*EXCERPTED RECORDS*
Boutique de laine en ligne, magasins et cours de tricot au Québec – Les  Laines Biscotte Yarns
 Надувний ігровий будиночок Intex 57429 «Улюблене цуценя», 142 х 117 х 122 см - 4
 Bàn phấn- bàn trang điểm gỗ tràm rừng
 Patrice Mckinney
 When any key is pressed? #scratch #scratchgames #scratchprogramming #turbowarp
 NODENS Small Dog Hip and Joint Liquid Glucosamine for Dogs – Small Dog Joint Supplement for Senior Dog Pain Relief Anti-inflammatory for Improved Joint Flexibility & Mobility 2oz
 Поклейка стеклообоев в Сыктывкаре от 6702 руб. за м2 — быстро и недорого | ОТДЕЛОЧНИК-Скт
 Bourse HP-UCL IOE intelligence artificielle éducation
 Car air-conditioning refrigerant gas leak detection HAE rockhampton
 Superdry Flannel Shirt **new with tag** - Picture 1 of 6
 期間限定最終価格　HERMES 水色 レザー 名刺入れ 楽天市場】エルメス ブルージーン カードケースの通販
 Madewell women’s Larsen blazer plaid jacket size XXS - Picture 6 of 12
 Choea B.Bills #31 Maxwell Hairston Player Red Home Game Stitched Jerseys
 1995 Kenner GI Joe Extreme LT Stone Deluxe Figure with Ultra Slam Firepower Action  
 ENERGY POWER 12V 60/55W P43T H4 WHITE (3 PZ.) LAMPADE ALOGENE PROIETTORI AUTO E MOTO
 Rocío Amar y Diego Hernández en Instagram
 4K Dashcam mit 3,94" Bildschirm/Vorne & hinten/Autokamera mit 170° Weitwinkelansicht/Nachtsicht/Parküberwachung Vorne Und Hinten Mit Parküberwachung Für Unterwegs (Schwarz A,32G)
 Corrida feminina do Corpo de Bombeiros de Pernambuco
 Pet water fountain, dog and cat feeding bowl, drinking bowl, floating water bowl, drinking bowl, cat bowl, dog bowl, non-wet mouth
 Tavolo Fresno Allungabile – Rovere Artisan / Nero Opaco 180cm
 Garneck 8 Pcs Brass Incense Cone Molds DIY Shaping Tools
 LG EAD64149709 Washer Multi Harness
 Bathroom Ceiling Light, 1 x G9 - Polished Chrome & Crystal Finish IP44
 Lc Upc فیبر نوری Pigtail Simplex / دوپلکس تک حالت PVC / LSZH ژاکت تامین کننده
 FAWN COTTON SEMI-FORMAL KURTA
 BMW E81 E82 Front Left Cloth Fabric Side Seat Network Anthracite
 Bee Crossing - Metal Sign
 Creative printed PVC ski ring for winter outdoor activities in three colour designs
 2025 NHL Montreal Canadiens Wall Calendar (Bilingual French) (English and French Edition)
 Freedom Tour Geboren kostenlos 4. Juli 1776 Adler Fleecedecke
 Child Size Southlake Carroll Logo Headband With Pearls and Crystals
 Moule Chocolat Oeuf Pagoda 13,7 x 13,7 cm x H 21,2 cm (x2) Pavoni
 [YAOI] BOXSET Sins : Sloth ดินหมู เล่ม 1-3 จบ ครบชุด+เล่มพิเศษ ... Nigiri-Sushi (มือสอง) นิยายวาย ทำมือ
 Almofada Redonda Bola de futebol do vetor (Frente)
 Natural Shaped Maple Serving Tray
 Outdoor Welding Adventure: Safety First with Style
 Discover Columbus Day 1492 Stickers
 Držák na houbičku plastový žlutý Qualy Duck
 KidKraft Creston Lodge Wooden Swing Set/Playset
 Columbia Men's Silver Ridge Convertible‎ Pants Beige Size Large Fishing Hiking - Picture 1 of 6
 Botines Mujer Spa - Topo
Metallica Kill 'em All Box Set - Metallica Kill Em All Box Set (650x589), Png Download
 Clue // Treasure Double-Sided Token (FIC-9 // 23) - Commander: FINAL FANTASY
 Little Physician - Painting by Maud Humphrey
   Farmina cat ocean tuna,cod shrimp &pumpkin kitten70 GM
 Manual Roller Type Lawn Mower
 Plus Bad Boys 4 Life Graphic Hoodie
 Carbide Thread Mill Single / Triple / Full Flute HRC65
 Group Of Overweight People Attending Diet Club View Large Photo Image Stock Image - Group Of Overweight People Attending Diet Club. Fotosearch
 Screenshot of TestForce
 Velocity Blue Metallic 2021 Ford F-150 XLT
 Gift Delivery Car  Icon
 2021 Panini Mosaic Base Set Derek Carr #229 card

*EXERCISE AIM*
All lines in the data above from the one with "LG EAD64149709 Washer Multi Harness" through the one with "BMW E81 E82" must be repeated exactly, and no others.

*EXERCISE RESPONSE*
 LG EAD64149709 Washer Multi Harness
 Bathroom Ceiling Light, 1 x G9 - Polished Chrome & Crystal Finish IP44
 Lc Upc فیبر نوری Pigtail Simplex / دوپلکس تک حالت PVC / LSZH ژاکت تامین کننده
 FAWN COTTON SEMI-FORMAL KURTA
 BMW E81 E82 Front Left Cloth Fabric Side Seat Network Anthracite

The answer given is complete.